In one of my previous posts – YAGNI is king – I advocated the idea of not anticipating future when it comes to developing features.
I got some feedback that I want to discuss: YAGNI applies to features, not design. When designing software, you have to anticipate the future. Therefore, sometimes you have to give up on YAGNI if you want a good design.
In other words: on a pull request, when you see an extra piece of code, don’t automatically assume it violates YAGNI. Maybe it’s for design purposes.
I take the point, but also have to add something on my defense.
I understand that good design requires some degree of anticipation.
However, my concern has always been that developers overvalue this design phase and how much we can predict. There are two points I want to add to support my feeling:
- Simple Design undermines “just-in-case design”
- There isn’t a clear boundary between a feature and a design
Simple Design undermines “just-in-case design”
There’s the notion of Simple Design from Agile. I think Simple Design and YAGNI go together.
The main point of Simple Design is that design is an ongoing process. Code simplicity indicates whether or not the design is good or bad. It’s because with simple code comes simple design, and both encourage developers to upgrade the design when needed.
Historically, there was a long design phase before starting developing. Nowadays, with agile, we don’t want that. OK, there is space for some up-front designing phase at the beginning of development. But first, it should be relatively quick, and second, after that, developers should correct design on a regular basis.
There’s no space for:
- a big up-front designing phase that produces the perfect design that everybody expects to never change. There are simply too many unknowns at the beginning. It pretty much feels like “designing just in case”.
- not correcting the design as a constant process. Software design should evolve just like the software itself evolves. Developers who shirk upgrading design have no control over the codebase and/or don’t want to take responsibility for changes.
To me, Simple Design pretty much undermines the idea of “just-in-case designing”.
What’s a feature and what’s a design?
I don’t think there’s a clear answer to that question.
I only have a feeling that “the design” (or “architecture”) means something higher-level in comparison to”the feature”. Maybe “the design” is a bunch of design patterns in your Rails app (say, MVC with Service Objects using Strategy). The design, as such, doesn’t give the user any feature. It only allows for easier adding features like making orders, reading orders, changing address, etc.
But if you draw a class diagram, it there some kind of boundary that says “above me it’s design, below me it’s feature”?
There are multiple ways to write Service Objects in Rails. Designing your Service Objects feels to me like the design too.
Service Objects calls some adapters, procedures, and whatnot. Are those the part of the design too? I would say so.

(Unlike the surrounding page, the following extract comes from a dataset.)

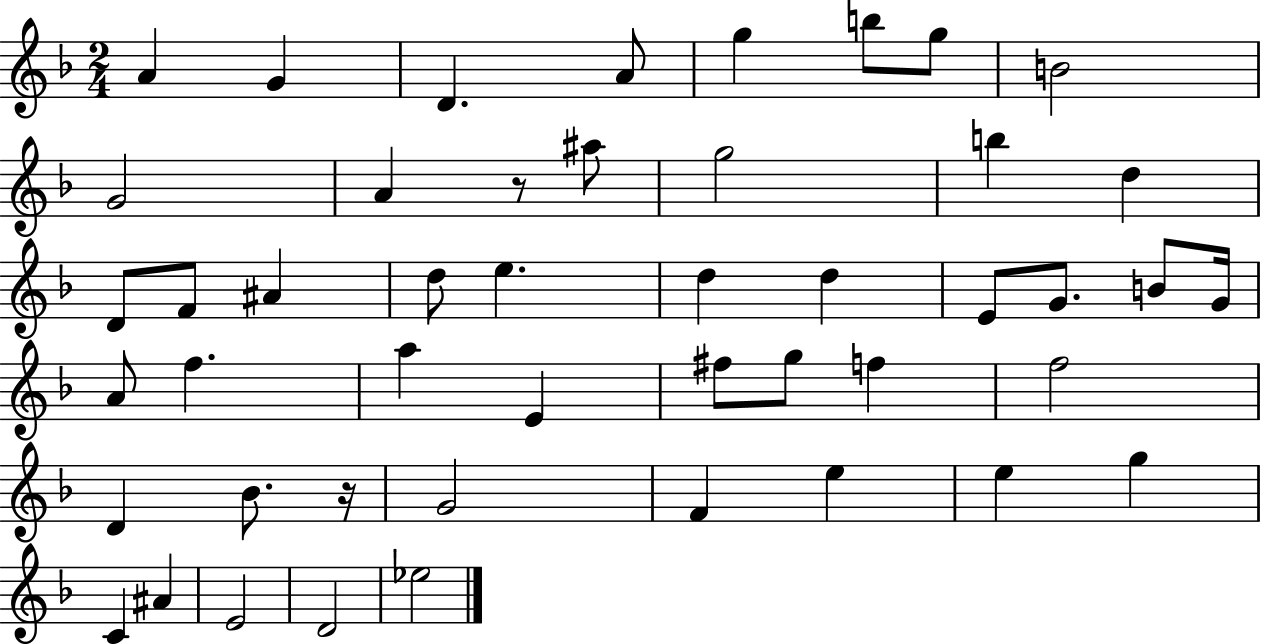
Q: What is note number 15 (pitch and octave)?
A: D4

The way you write your classes and methods is the design too. It’s important how they communicate, how easily they allow for adding features etc. The way how it’s written has little to do with the feature. More likely, it’s how we want to shape it for future maintainers. It applies to every class and every method.
My point is that design covers all the code from top to bottom.
This about this way. If you follow clean code principles, TDD, “make it work – make it well – make it fast”, or similar, you probably first write simple code that does the job and later clean it up. In these patterns cleanup code is an inherent part of the implementation.
“Cleaning up” phase has no limits when it comes to code hierarchy. If you find out that after writing your feature your app no longer fits Service Objects pattern, you should change it.
Writing features requires changing design and design goes all the way bottom. The design should support adding features. The design shouldn’t be your “ball and chain”.
At the end of the day, both design and features come down to the code. I don’t see the point of saying “Hey, I’ve written tons of unnecessary code because you know, design“. This is still speculation. This will make your life harder more often than not.
The bottom line is:
- it could be hard to tell feature from design
- even if we’re talking design, YAGNI should be obeyed – see Simple Desing
To embed my words in somebody else’s opinion, I’ll leave you with the conclusion of Martin Fowler’s post about YAGNI:
Having said all this, there are times when applying yagni does cause a problem, and you are faced with an expensive change when an earlier change would have been much cheaper. The tricky thing here is that these cases are hard to spot in advance, and much easier to remember than the cases where yagni saved effort . My sense is that yagni-failures are relatively rare and their costs are easily outweighed by when yagni succeeds.